▸ SUPPLIED DATA
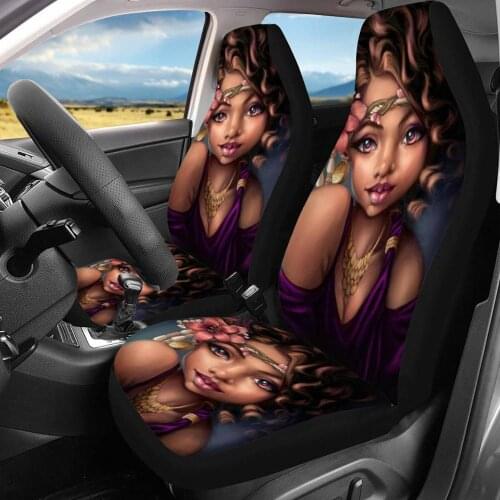 HUGSIDEA 2PCS Art Black African Girl Design Universal Car Front Seat Covers Protector Cover Cushion Pad Mat Auto Interior Decor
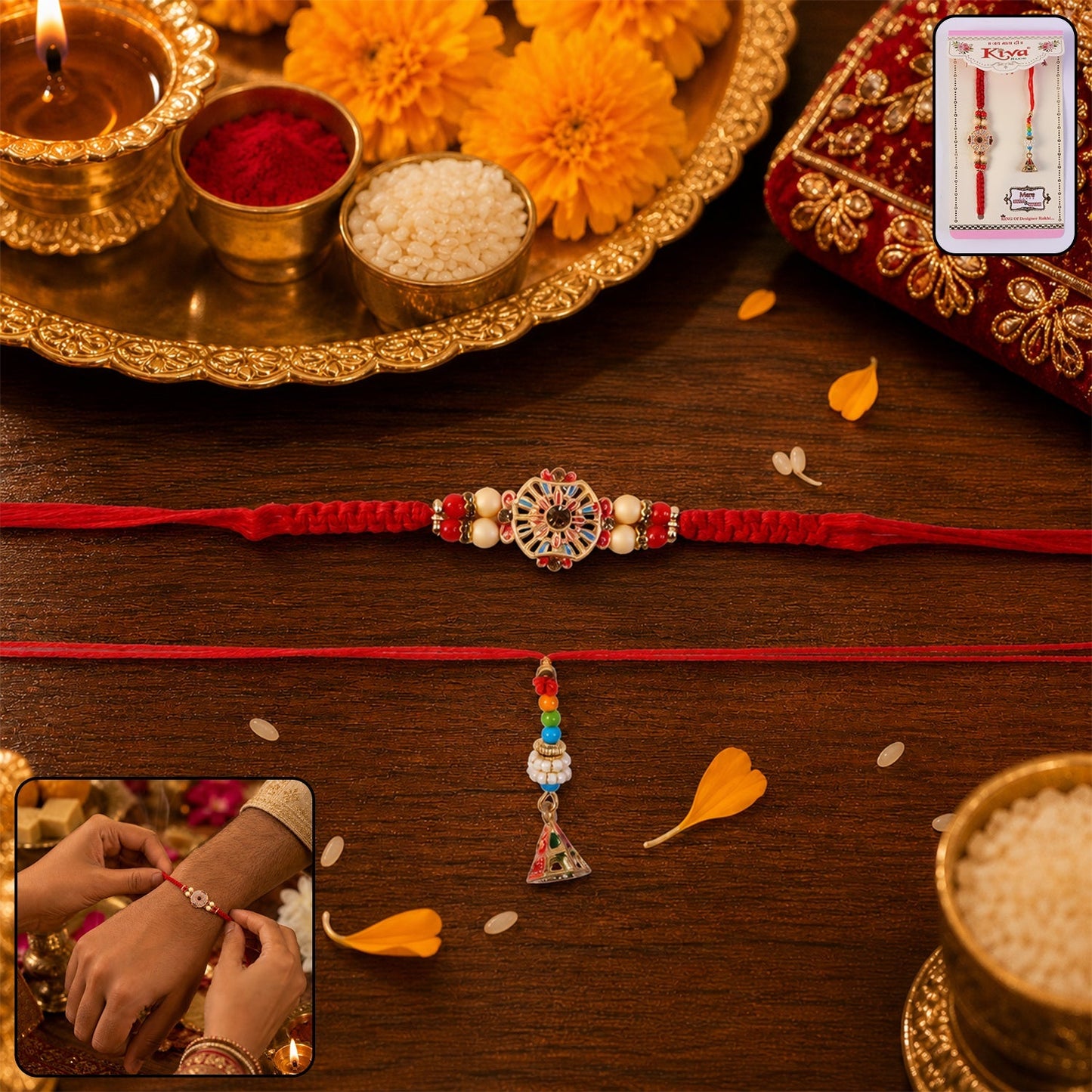 Front view of Sunflower Stone Bhabhi Rakhi with decorative bead latkan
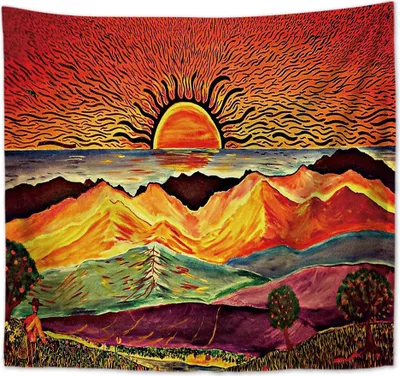 Produktbild von 130cm x 150cm Západ slunce tapiserie Strom tapiserie tkanina zeď tkanina horské zdi visí psychedelické příroda krajina tapiserie dekorace pro ložnici obývací pokoj, barva 06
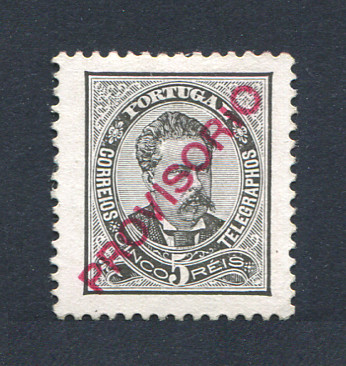 1892 - Afinsa nº 82. D. Luis I com sobrecarga PROVISÓRIO. Selo de 5 reis NOVO, SEM GOMA. Em boas condições.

▸ TASK PROMPT
Word for word, restate every line of the listing, omitting the pictures.

▸ EXERCISE SOLUTION
 HUGSIDEA 2PCS Art Black African Girl Design Universal Car Front Seat Covers Protector Cover Cushion Pad Mat Auto Interior Decor
 Front view of Sunflower Stone Bhabhi Rakhi with decorative bead latkan
 Produktbild von 130cm x 150cm Západ slunce tapiserie Strom tapiserie tkanina zeď tkanina horské zdi visí psychedelické příroda krajina tapiserie dekorace pro ložnici obývací pokoj, barva 06
 1892 - Afinsa nº 82. D. Luis I com sobrecarga PROVISÓRIO. Selo de 5 reis NOVO, SEM GOMA. Em boas condições.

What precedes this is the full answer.